Frima, et al. in a recent retrospective study, reviewed 14 patients surgically treated for a displaced medial clavicle fracture between 2010 and 2017. Locking Compression Plates were used. The mean QuickDASH score was 0.81 and the mean SSV was 96. As complications, one patient had an early revision operation and developed an infection after 1.5 years. Eight patients had their implants removed. The authors concluded that operative treatment of displaced medial clavicle fractures with well-fitting 'small fragment' locking plates provides an excellent long-term functional outcome .

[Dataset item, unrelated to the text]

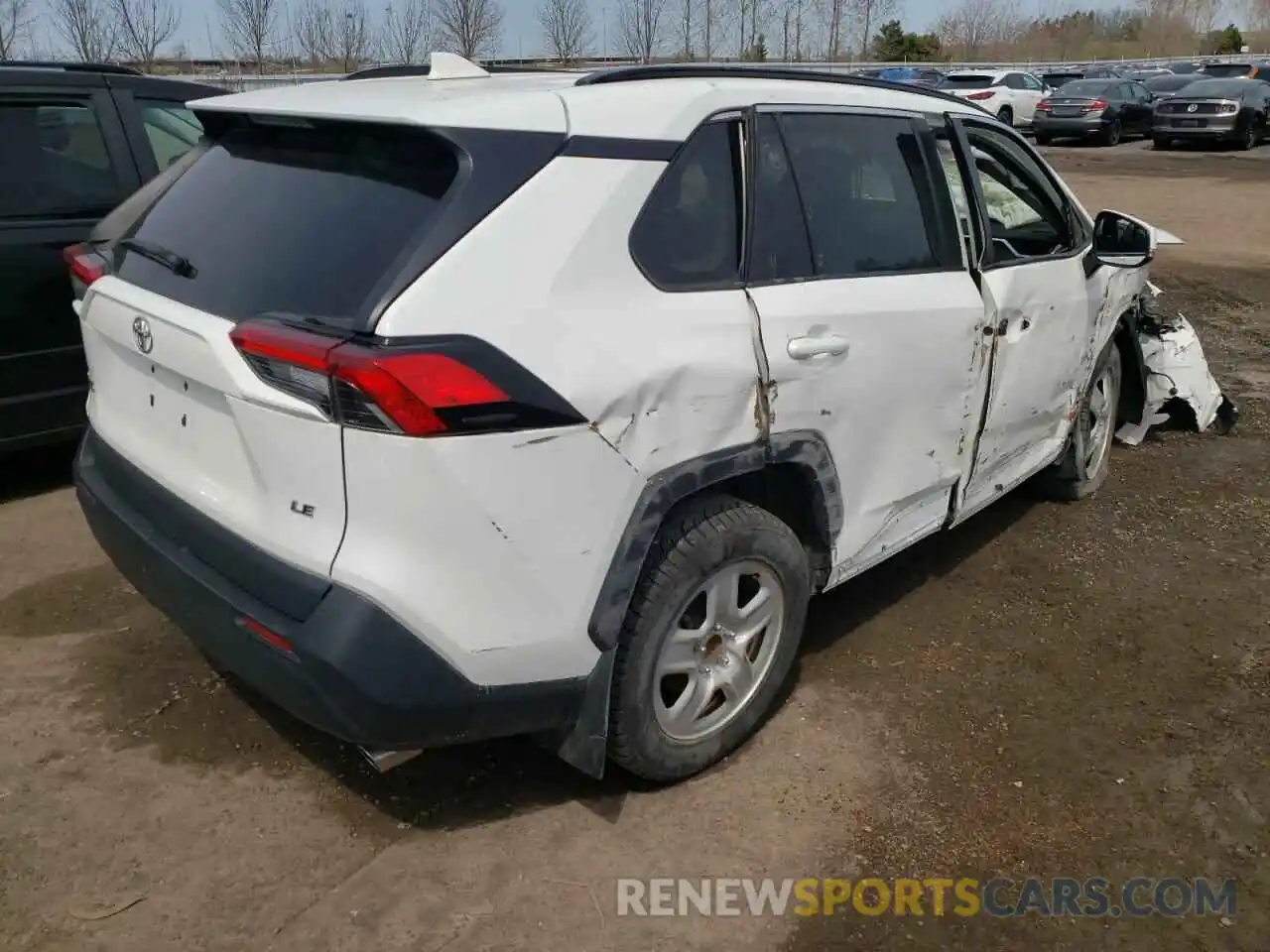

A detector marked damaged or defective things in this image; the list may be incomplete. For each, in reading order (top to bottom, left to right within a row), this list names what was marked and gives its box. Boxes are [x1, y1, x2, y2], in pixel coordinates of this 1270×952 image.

damaged white suv [66, 58, 1230, 781]
broken passenger door [750, 108, 988, 583]
broken passenger door [949, 117, 1095, 528]
crumpled front end [1119, 282, 1238, 448]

Sidhu, et al. investigated 27 patients with a median age of 37 years undergoing operative fixation of a medial clavicle fracture, 7 physeal injuries, and 20 adult injuries. The fracture was fixed with plate and screws in 19 cases and with transosseous sutures in 8 cases. The median DASH score at 12 months was 0.4 with a union rate of 100% at 12 months. All patients had full shoulder range of motion at final follow-up and were able to return to preinjury occupational activities. These authors concluded that early intervention could minimize the risk of painful nonunion .
In this case, the implanted osteosynthesis material was able to promote a safe fixation with callus formation and bone remodeling. Such in the previous studies presented, the patient had a good and full recovery with no registered complications.
Considering the rarity of medial clavicle fractures associated with significant displacement and the few reported cases in the literature concerning their surgical treatment, the authors collected this case in order to report this rare and complex injury, and how they decided to manage it. Thus, the treatment chosen seems to give a good functional and radiographic recovery.